Ordinary criminal justice knows nothing of set-off. The greatest desert cannot be pleaded in answer to a charge of the slightest transgression. If a man has sold beer on a Sunday morning, it is no defence that he has saved the life of a fellow-creature at the risk of his own. If he has harnessed a Newfoundland dog to his little child's carriage, it is no defence that he was wounded at Waterloo. But it is not in this way that we ought to deal with men who, raised far above ordinary restraints, and tried by far more than ordinary temptations, are entitled to a more than ordinary measure of indulgence. Such men should be judged by their contemporaries as they will be judged by posterity. Their bad actions ought not indeed to be called good; but their good and bad actions ought to be fairly weighed; and if on the whole the good preponderate, the sentence ought to be one, not merely of acquittal, but of approbation. Not a single great ruler in history can be absolved by a judge who fixes his eye inexorably on one or two unjustifiable acts. Bruce the deliverer of Scotland, Maurice the deliverer of Germany, William the deliverer of Holland, his great descendant the deliverer of England, Murray the good regent, Cosmo the father of his country, Henry the Fourth of France, Peter the Great of Russia, how would the best of them pass such a scrutiny? History takes wider views; and the best tribunal for great political cases is the tribunal which anticipates the verdict of history.

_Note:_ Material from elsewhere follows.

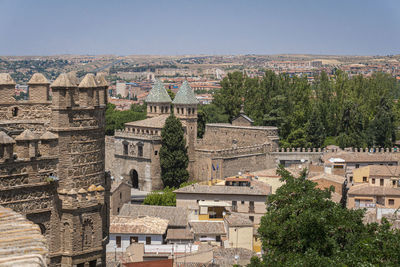 High angle view of the city of toledo, spain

Reasonable and moderate men of all parties felt this in Clive's case. They could not pronounce him blameless; but they were not disposed to abandon him to that low-minded and rancorous pack who had run him down and were eager to worry him to death. Lord North, though not very friendly to him, was not disposed to go to extremities against him. While the inquiry was still in progress, Clive, who had some years before been created a Knight of the Bath, was installed with great pomp in Henry the Seventh's Chapel. He was soon after appointed Lord Lieutenant of Shropshire. When he kissed hands, George the Third, who had always been partial to him, admitted him to a private audience, talked to him half an hour on Indian politics, and was visibly affected when the persecuted general spoke of his services and of the way in which they had been requited.
At length the charges came in a definite form before the House of Commons. Burgoyne, chairman of the committee, a man of wit, fashion, and honour, an agreeable dramatic writer, an officer whose courage was never questioned, and whose skill was at that time highly esteemed, appeared as the accuser. The members of the administration took different sides; for in that age all questions were open questions, except such as were brought forward by the Government, or such as implied censure on the Government. Thurlow, the Attorney-General, was among the assailants. Wedderburne, the Solicitor-General, strongly attached to Clive, defended his friend with extraordinary force of argument and language. It is a curious circumstance that, some years later, Thurlow was the most conspicuous champion of Warren Hastings, while Wedderburne was among the most unrelenting persecutors of that great though not faultless statesman. Clive spoke in his own defence at less length and with less art than in the preceding year, but with much energy and pathos. He recounted his great actions and his wrongs; and, after bidding his hearers remember, that they were about to decide not only on his honour but on their own, he retired from the House.
The Commons resolved that acquisitions made by the arms of the State belong to the State alone, and that it is illegal in the servants of the State to appropriate such acquisitions to themselves. They resolved that this wholesome rule appeared to have been systematically violated by the English functionaries in Bengal. On a subsequent day they went a step further, and resolved that Clive had, by means of the power which he possessed as commander of the British forces in India, obtained large sums from Meer Jaffier. Here the Commons stopped. They had voted the major and minor of Burgoyne's syllogism; but they shrank from drawing the logical conclusion. When it was moved that Lord Clive had abused his powers, and set an evil example to the servants of the public, the previous question was put and carried. At length, long after the sun had risen on an animated debate, Wedderburne moved that Lord Clive had at the same time rendered great and meritorious services to his country; and this motion passed without a division.
The result of this memorable inquiry appears to us, on the whole, honourable to the justice, moderation, and discernment of the Commons. They had indeed no great temptation to do wrong. They would have been very bad judges of an accusation brought against Jenkinson or against Wilkes. But the question respecting Clive was not a party question; and the House accordingly acted with the good sense and good feeling which may always be expected from an assembly of English gentlemen, not blinded by faction.
The equitable and temperate proceedings of the British Parliament were set off to the greatest advantage by a foil. The wretched government of Lewis the Fifteenth had murdered, directly or indirectly, almost every Frenchman who had served his country with distinction in the East. Labourdonnais was flung into the Bastile, and, after years of suffering, left it only to die.